» **Data**:
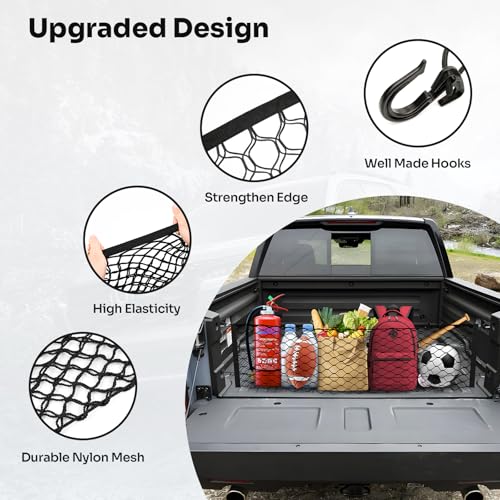 Canvcle Trunk Cargo Net for 2017-2026 Honda Ridgeline Accessories Envelope Style Mesh Trunk Net Organizer and Storage Stretchable Adjustable Elastic Nylon Rear Cargo Netting with Hooks - style: for Honda Ridgeline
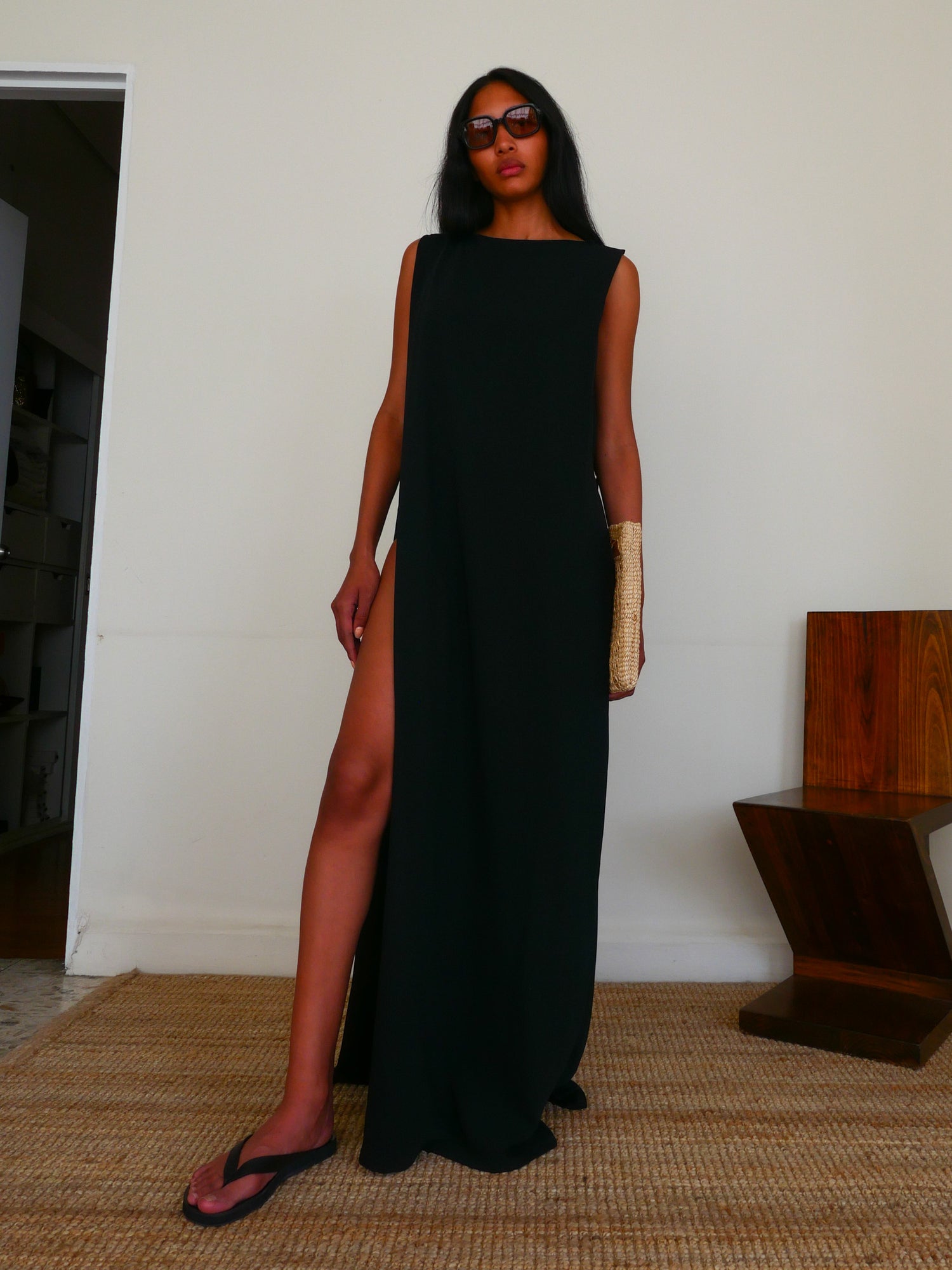 The Crepe Boat Neck Gown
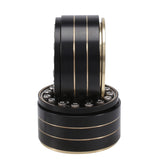 Brass Beadlock Wheel Rim Deep Dish Negative Offset 1.0 Inch Black For 1/24 RC Crawler Car Axial SCX24 Upgrades Parts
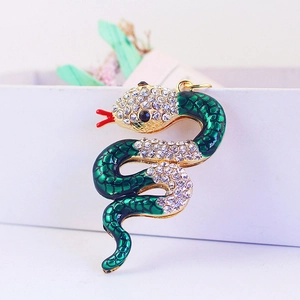 Chic gold-plated snake keychain with green enamel and sparkling crystal rhinestones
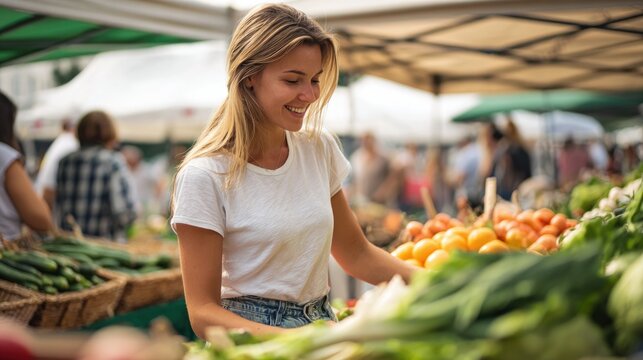 Smiling young blonde woman in white t-shirt is happily browsing and selecting fresh produce at street farmer's market on sunny day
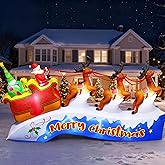 Pechfun 12FT Long Christmas Inflatables Outdoor Decorations, Santa Claus on Sleigh and 3 Reindeers Giant Blow Up Yard Decorations with Built-in Bright LED Lights for Outside Lawn Holiday Xmas Decor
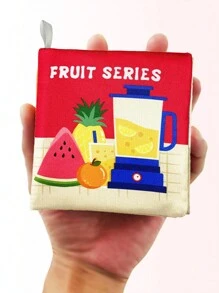 1入組彩色發聲軟布書,教育和感官玩具,耐撕裂,可咬,適用於3個月以上嬰兒,送禮佳品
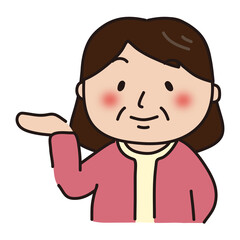 案内するピンクのカーディガンを着たおばさん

» **Task prompt**: Output exactly the lines from the first line of the records through the line containing "Chic gold-plated snake". Leave out every picture.

» **Exercise answer**:
 Canvcle Trunk Cargo Net for 2017-2026 Honda Ridgeline Accessories Envelope Style Mesh Trunk Net Organizer and Storage Stretchable Adjustable Elastic Nylon Rear Cargo Netting with Hooks - style: for Honda Ridgeline
 The Crepe Boat Neck Gown
 Brass Beadlock Wheel Rim Deep Dish Negative Offset 1.0 Inch Black For 1/24 RC Crawler Car Axial SCX24 Upgrades Parts
 Chic gold-plated snake keychain with green enamel and sparkling crystal rhinestones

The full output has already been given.